In short, the balance sheet expanded with the deposit base increasing although those extra deposits were largely placed with other banks in commodity murabaha and wakala agreements (many of whom are based outside of the UK). This is the wrong direction for a bank, particularly an Islamic bank that is supposed to be focused primarily on pure intermediation: mobilizing profit-sharing deposits to finance businesses. Instead, the bank has been able to attract the deposits but has not found enough demand for those funds (or was constrained by capital requirements that would have required more capital based on their risk weighting on the asset side of the balance sheet). There was growth in home purchase plans (Islamic mortgages) from GBP7 million to 33 million, which does provide one good sign for the bank, but as described below, the reliance on Islamic inter-bank markets as a destination for the bank's assets remains high.
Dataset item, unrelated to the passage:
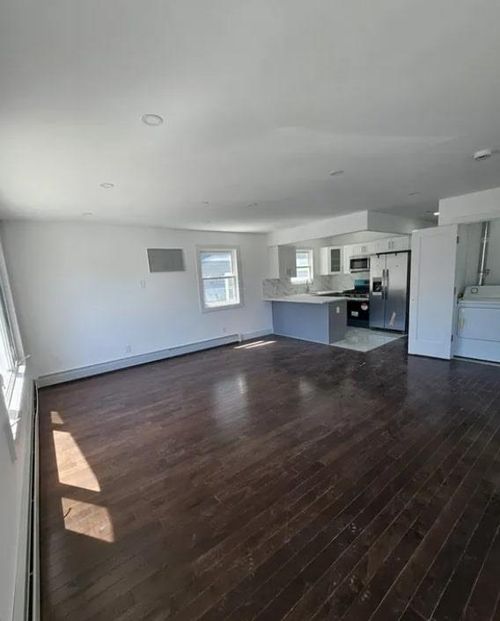 fl-1st-1061 Grassmere Ter, Far Rockaway, NY, 11691-2411 | Card Image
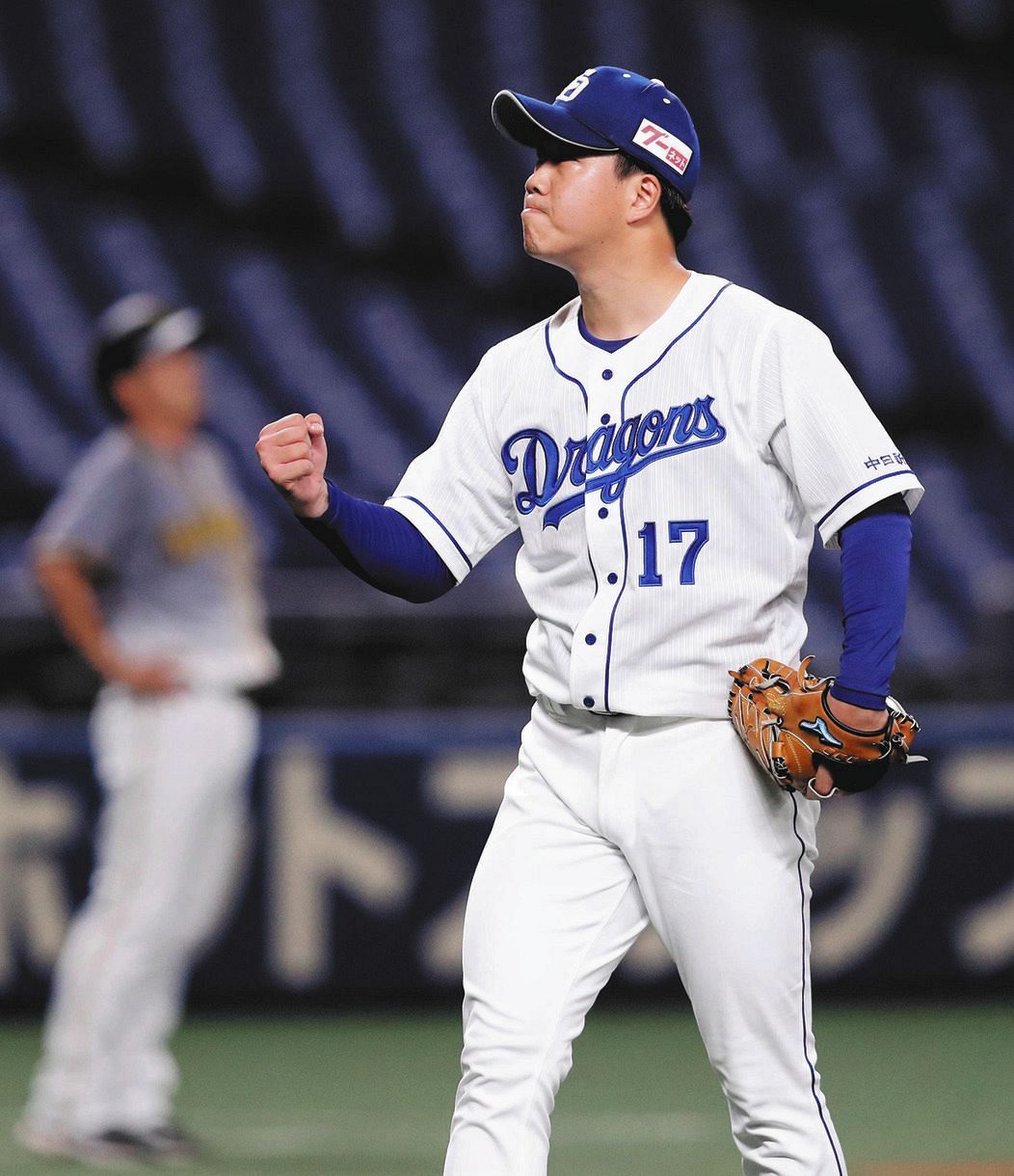 柳裕也17☆中日ドラゴンズ・ホームユニフォーム☆フリーサイズ - 野球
If the bank is focused on attracting deposits (GBP186 million in 2009 compared with 153 million in 2008) that it cannot use in a way that attracts a higher rate of return, it is not working the way it needs to be a profitable institution. As the deposits grew, the commodity murabaha and wakala with other banks increased from GBP152 million to 156 million out of total assets that were GBP207 million in 2009 compared to 181 million in 2008. This is a retail bank where around three-quarters of the assets are lent to other banks. I agree with Mushtak Parker; this is a temporary solution to the bank's needs to offset losses and it remains to be seen whether the bank can address its limited ability to find credit-worthy borrowers to finance. [NOTE: As described in the disclaimer on this blog, nothing contained here should be considered investment advice or an offer to buy or sell any security mentioned]
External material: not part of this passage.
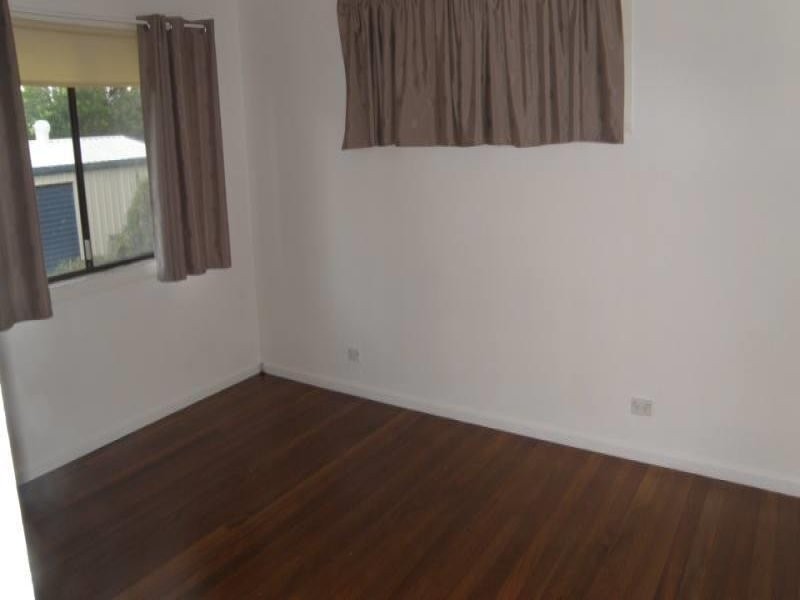 4 Wordsworth Street, Strathpine QLD 4500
Sukuk yield premiums in the GCC are widening as conventional yields are falling. Another article points to the best month for sukuk since March with yields on some sukuk falling. The discrepancy is probably due to the selection of sukuk; the latter article primarily focusing on Asian sukuk like the Malaysian sovereign and Petronas sukuk. The planned $1 billion sukuk that was reported to be part of a joint venture financing between Saudi Aramco and Total has been abandoned because of market conditions. A Bloomberg article has another take on the Saudi sukuk market, pointing to the likelihood that issuance of sukuk from the kingdom will double in 2010 compared to 2009 and lead the GCC region. Taking these four articles together suggests that investors remain hesitant to invest in GCC-based sukuk after the Dubai debt crisis despite significantly different economic conditions across the countries of the GCC. At the same time, Malaysian sukuk remain attractive to investors.
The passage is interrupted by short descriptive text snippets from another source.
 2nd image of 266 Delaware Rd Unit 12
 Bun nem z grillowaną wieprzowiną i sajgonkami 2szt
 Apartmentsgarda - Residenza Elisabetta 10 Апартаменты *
- AAOIFI released two new accounting standards. One which covers sukuk, shares and similar instruments breaks down the accounting treatment based on whether it more closely resembles debt or equity. The other standard provides institutions adopting AAOIFI standards for the first time with a starting point.
- Sameer Abdi of Ernst & Young was on CNBC talking about the E&Y report on Islamic fund management. I posted a few links when the report was released in May.
- Arab News provides a short article on the IIFM report on a potential Islamic repurchase agreements (repos).